Tuesday, March 02, 2010

Principals of the Web

As I noted in a previous entry, I've been reading Architecture of the World Wide Web, Volume One and am finding it a great read. For example, take this little gem:
Constraint: URIs Identify a Single Resource

Assign distinct URIs to distinct resources.

In a nutshell the authors have made it clear that a URI should refer to a particular resource. And just a bit further on they point out that URI's can be aliases for a single resource:
Just as one might wish to refer to a person by different names (by full name, first name only, sports nickname, romantic nickname, and so forth), Web architecture allows the association of more than one URI with a resource. URIs that identify the same resource are called URI aliases. The section on URI aliases (§2.3.1) discusses some of the potential costs of creating multiple URIs for the same resource.

They even offer thoughts on the performance consequences of aliases.

Ya gotta love it... :-)

Monday, March 01, 2010

The Architecture of the World Wide Web - Volume 1

As part of my foray into RESTful services, I've been reading The Architecture of the World Wide Web - Volume 1 and find it refreshingly informative. For example:

The choice of syntax for global identifiers is somewhat arbitrary; it is their global scope that is important. The Uniform Resource Identifier, [URI], has been successfully deployed since the creation of the Web. There are substantial benefits to participating in the existing network of URIs, including linking, bookmarking, caching, and indexing by search engines, and there are substantial costs to creating a new identification system that has the same properties as URIs.


And:

A resource should have an associated URI if another party might reasonably want to create a hypertext link to it, make or refute assertions about it, retrieve or cache a representation of it, include all or part of it by reference into another representation, annotate it, or perform other operations on it. Software developers should expect that sharing URIs across applications will be useful, even if that utility is not initially evident.
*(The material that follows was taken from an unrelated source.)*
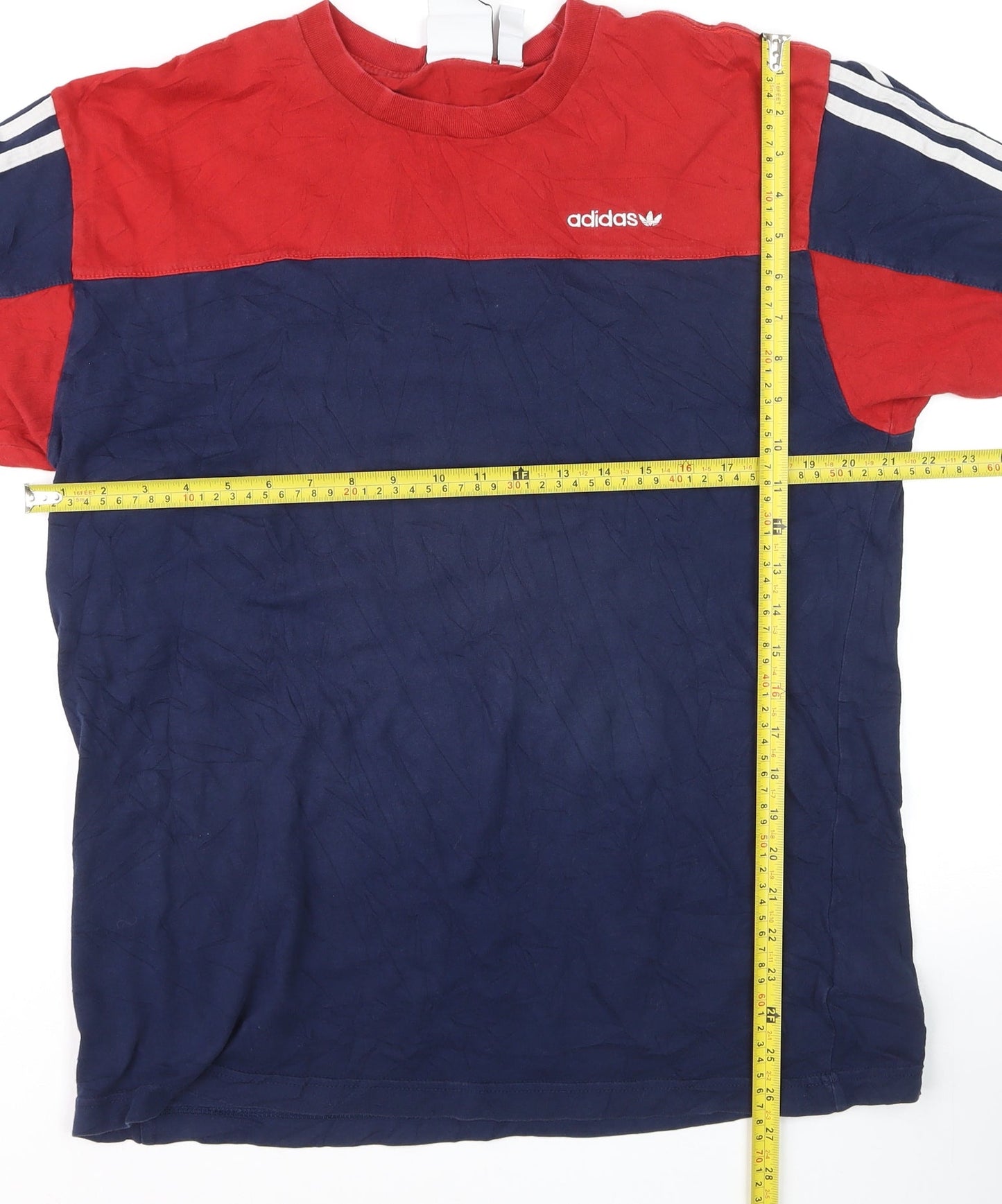 Adidas Mens Red and Navy Crew Neck Short Sleeve T-Shirt Size L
There is so much packed into each of these brief statements, and they are in equivalent of the first 10 pages of the document.

I find it both amazing and sad that this document was published in 2004 yet I've found very few references to it in the six years since it's publication. Maybe I just haven't been looking in the right places?

I will share additional passages that I find enlightening in the days (and weeks?) to come.

Saturday, February 27, 2010

GWT and SmartGWT

I'm doing some work with GWT 2.0 and also with SmartGWT. I like both toolkits, but I'm in the midst of a very steep learning curve (meaning I'm learning a lot quickly). While I'm making good progress in becoming proficient, I'm finding that SmartGWT suffers from the same problem that many open source products with commercial support options suffer from: weak documentation.

It's completely understandable and I don't blame the developer(s) of SmartGWT. When you are working on an open source project and also trying to provide commercial support as a means of revenue, it's hard to find the time to produce good documentation. And the truth is that if you provide a good product with documentation good enough that developers don't need your services, you have just put yourself out of business.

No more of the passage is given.